Tracking Information
First Submitted Date  ICMJE November 23, 2016
First Posted Date  ICMJE December 15, 2016
Last Update Posted Date July 25, 2018
Study Start Date  ICMJE October 2016
Estimated Primary Completion Date October 2021   (Final data collection date for primary outcome measure)
Current Primary Outcome Measures  ICMJE
 (submitted: October 16, 2017)
Recurrence-free survival rate [ Time Frame: 2 years ]
The primary objective of this study is to determine whether adjuvant nDC vaccination, after complete radical lymph node dissection or sentinel node procedure in stage IIIB and IIIC melanoma patients, improves 2-year RFS rate as compared to treatment with matching placebo. Defined as the percentage of patients who are alive and without recurrence of melanoma 2 years after randomization.

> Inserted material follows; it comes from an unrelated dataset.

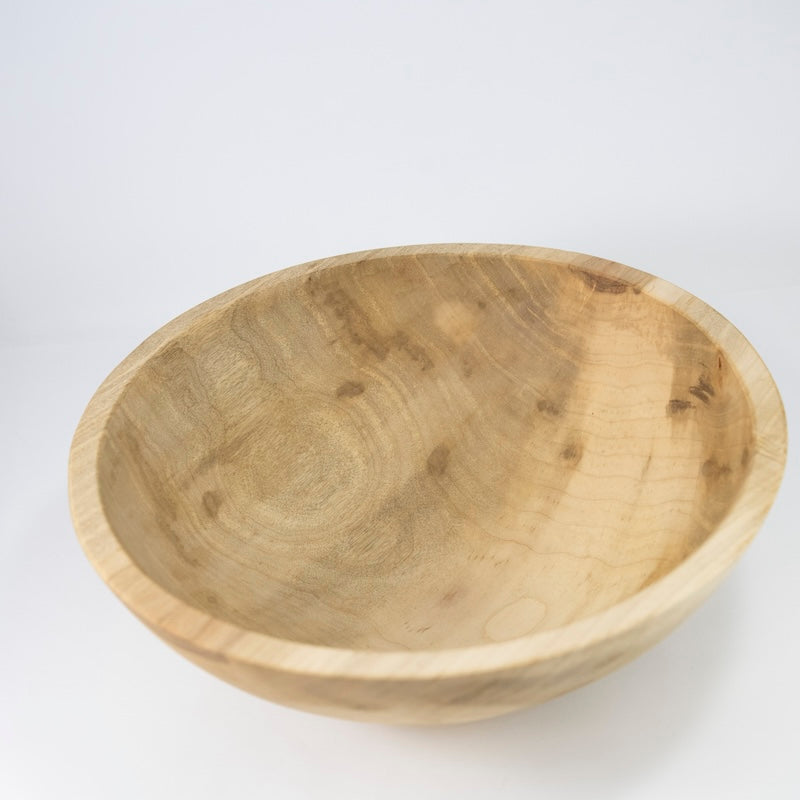 13" Round Spalted Maple Bowl from Spencer Peterman at Pinch in Northampton, MA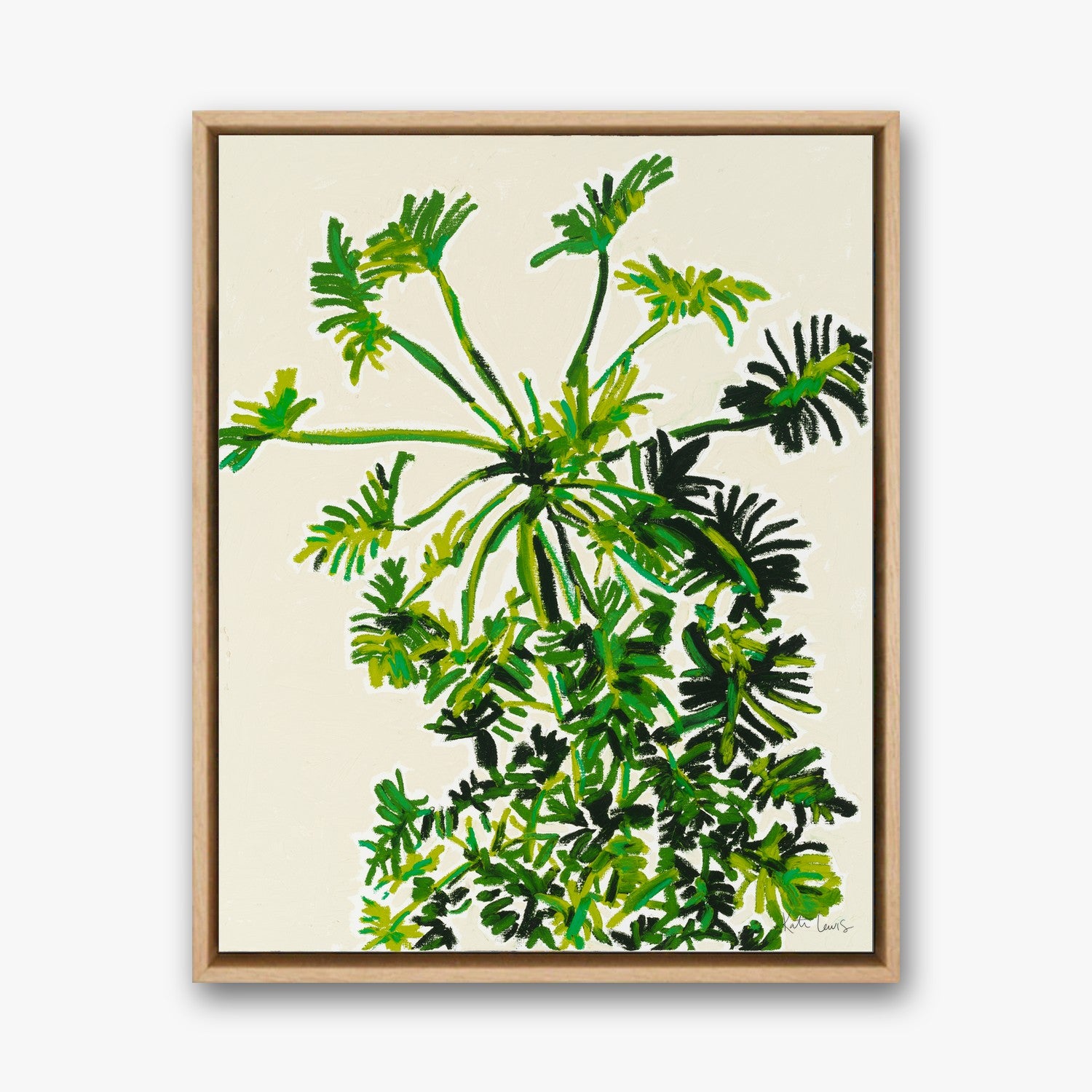 Well-Lit Spot in a natural oak gallery float frame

Original Primary Outcome Measures  ICMJE
 (submitted: December 12, 2016)
Recurrence-free survival rate [ Time Frame: 2 years ]
The primary objective of this study is to determine whether adjuvant nDC vaccination improves 2-year RFS rate as compared to placebo in patients with completely resected stage IIIB or IIIC melanoma, defined as the percentage of patients who are alive and without recurrence of melanoma 2 years after randomization.

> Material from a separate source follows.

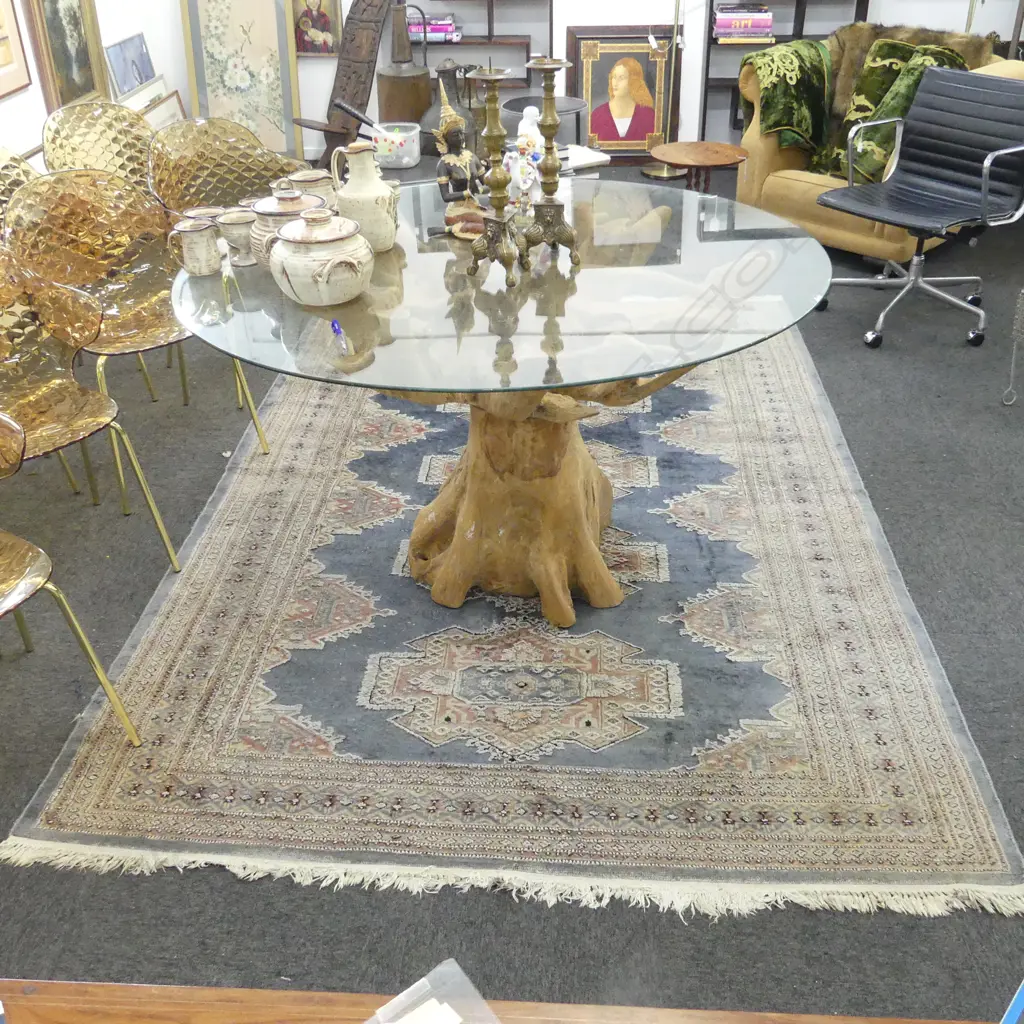 HAND KNOTTED WOOL PILE RUG 2700x1880mm Image 1++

Change History Complete list of historical versions of study NCT02993315 on ClinicalTrials.gov Archive Site
Current Secondary Outcome Measures  ICMJE
 (submitted: December 12, 2016)
  • Recurrence-free survival [ Time Frame: 2 years and 5 years ]
    Median RFS duration will be assessed by physical examination and CT of the chest and abdomen every 3-12 months, or on clinical indication, during 5 years.
  • Overall survival [ Time Frame: 2-years and median ]
  • Tumor specific T-cell response [ Time Frame: week 1, week 9, week 10, week 31, week 39, week 57, week 65, week 78, month 24, month 60 ]
  • Quality of Life Questionnaires [ Time Frame: baseline, week 14, week 26, month 12, month 24, month 36, month 60 ]
  • Costs (direct and indirect) of treatment [ Time Frame: 2 years ]
  • QALY [ Time Frame: 2 years ]
    A cost-effectiveness acceptability curve will be derived that is able to evaluate efficiency by using different tresholds (willingness to pay) for a QALY.
  • Adverse Events related to treatment [ Time Frame: 1,5 year ]
Original Secondary Outcome Measures  ICMJE Same as current
Current Other Pre-specified Outcome Measures Not Provided
Original Other Pre-specified Outcome Measures Not Provided
 
Descriptive Information
Brief Title  ICMJE Melanoma Patients Immunized With Natural DenDritic Cells
Official Title  ICMJE A Randomized, Double-‐Blind, Placebo‐Controlled Phase III Study to Evaluate Active Immunization in Adjuvant Therapy of Patients With Stage IIIB and IIIC Melanoma With Natural Dendritic Cells Pulsed With Synthetic Peptides.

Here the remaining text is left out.